Jauh sebelum terbentuknya tatanan masyarakat sekarang ini, manusia di bumi hanya terdiri dari berbagai kelompok yang bertahan hidup dengan berburu dan meramu. Pada masa ini tidak ada pembagian kerja yang signifikan, laki-laki dan perempuan memerankan hal yang sama secara bersama-sama dalam proses pemenuhan kebutuhannya.

Selain dengan berburu dan meramu mereka juga tidak menetap dalam satu tempat yang pasti atau yang kita kenal dengan sebutan nomaden. Dapat kita lihat bahwasannya dalam masa ini perempuan dan laki-laki bekerja sama dalam bertahan hidup. Kondisi alam yang semakin membaik membuat kelompok-kelompok berburu tadi memutuskan untuk menetap demi memenuhi kebutuhan yang semakin kompleks, implikasi pada masa ini yaitu ditemukannya cara bercocok tanam atau bertani. Dalam peran kerja yang sebelumnya dilakukan bersama-sama, pada tahap ini sudah mulai adanya pembagian kerja yaitu laki-laki yang masih berburu karena kekuatan dan daya tahan tubuhnya, sedangkan perempuan di rumah untuk bercocok tanam.

Pada tahap selanjutnya manusia pada akhirnya menemukan domestifikasi hewan, perkakas serta penggunaan logam. Selain itu juga karena sudah tinggal menetap dan bertani di suatu tempat dalam jangka waktu yang lama, kegiatan perburuan lambat laun ditinggalkan dan tidak menjadi kegiatan sehari-hari. Ini merupakan masa dimana kembalinya laki-laki ke dalam wilayah domestik atau rumah tangga, laki-laki tak lagi berburu melainkan bertani.

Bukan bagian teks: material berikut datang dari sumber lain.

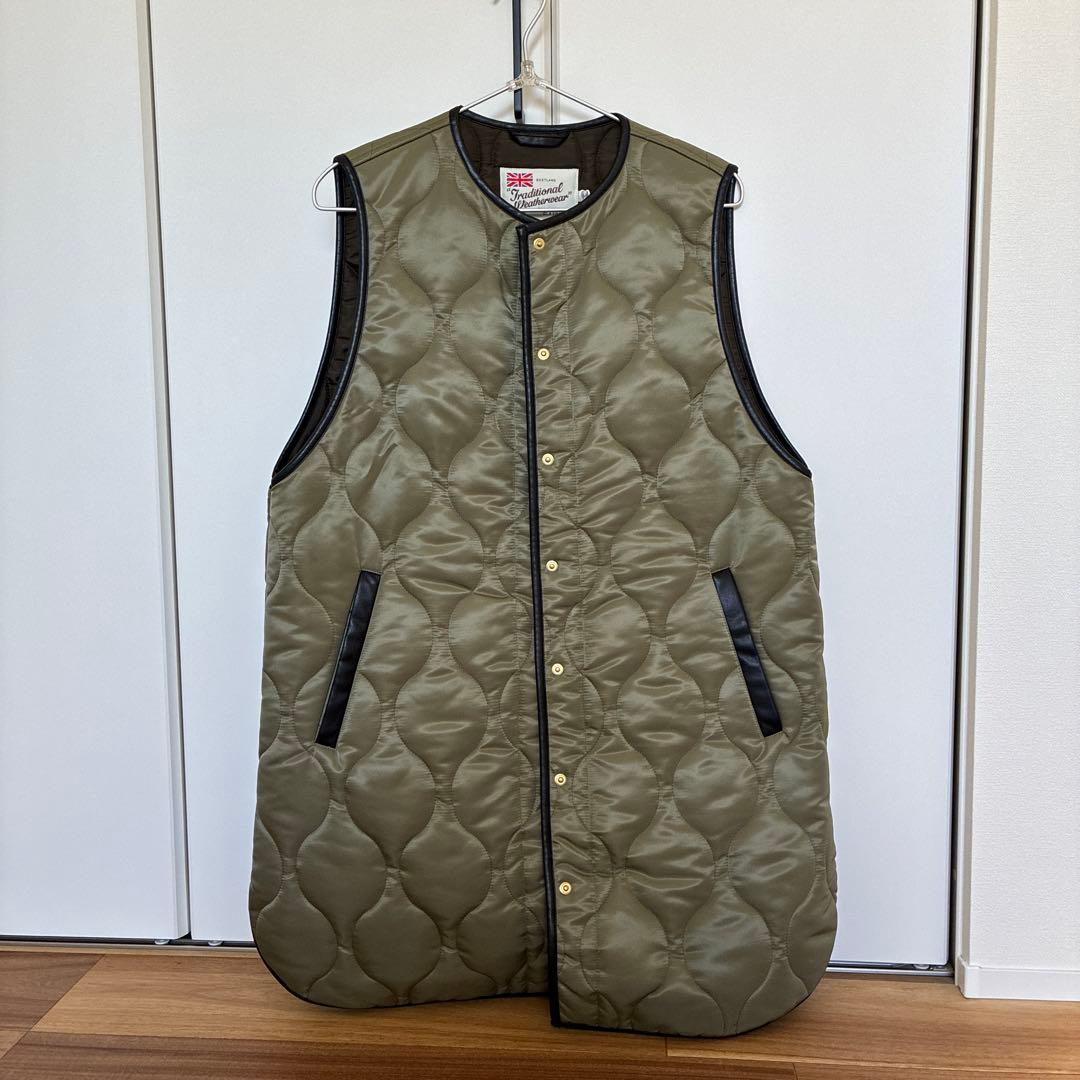 新品タグ付き　トラディショナルウェザーダウンベスト オリーブ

Dalam buku asal-usul keluarga yang ditulis Engels, telah dituliskan bahwa pada tahap ini terjadi perubahan pada kedudukan perempuan dalam tataran pewaris gens yang awalnya dengan mother-right atau hanya anak-anak perempuan dari keturunan ibu yang mendapatkan warisan. Namun karena pengaruh ekonomi-politik yang kuat dan dimiliki oleh laki-laki, kini anak-anak laki-laki pun juga mendapatkan warisan, yaitu warisan dari ayah. Perubahan ini bukan semerta-merta terjadi karena kodrat manusia, namun perubahan yang memang dibentuk oleh manusia itu sendiri. Oleh karena itu ini menjadi sebuah awal kekalahan dari perempuan dan awal dari dominasi laki-laki.

Pada tahap selanjutnya supremasi laki-laki terhadap perempuan semakin tampak dengan ditandai adanya jatuhnya hak-hak waris dari ayah. Hal ini juga menimbulkan pemahaman baru bahwa laki-laki pencari nafkah di luar rumah dan perempuan sebagai penerima nafkah bekerja hanya di bidang domestik. Pemahaman seperti ini yang sampai sekarang terus menjadi dasar pemikiran di masyarakat luas. Bahkan dalam tataran keluarga pun hal ini masih dilanggengkan sampai saat ini.

Padahal secara umum seharusnya keluarga menjadi pendidikan pertama bagi para anak. Lalu apa yang terjadi jika kita tidak di paparkan pemahaman tentang gender? Bisa jadi anak tersebut melakukan tindak pelecehan seksual bahkan bisa lebih.

Dominasi dari Feodalisme ke Kapitalisme

Kita sudah melihat bagaimana pertentangan antara laki-laki dan perempuan sejak kehadirannya di bumi. Dari pembagian kerja antara laki-laki dan perempuan hingga siapa yang harus merawat anak. Melalui penindasan yang dikemas secara halus, lewat konstruksi kultural dan sosial, perempuan hari ini pun terlihat tidak sadar akan posisi mereka seharusnya dalam masyarakat. Ironisnya para perempuan lebih cenderung menerima fenomena ekssploitasi serta domestifikasi ini dengan lapang dada apa yang terjadi dalam dunia yang penuh dengan supremasi laki-laki.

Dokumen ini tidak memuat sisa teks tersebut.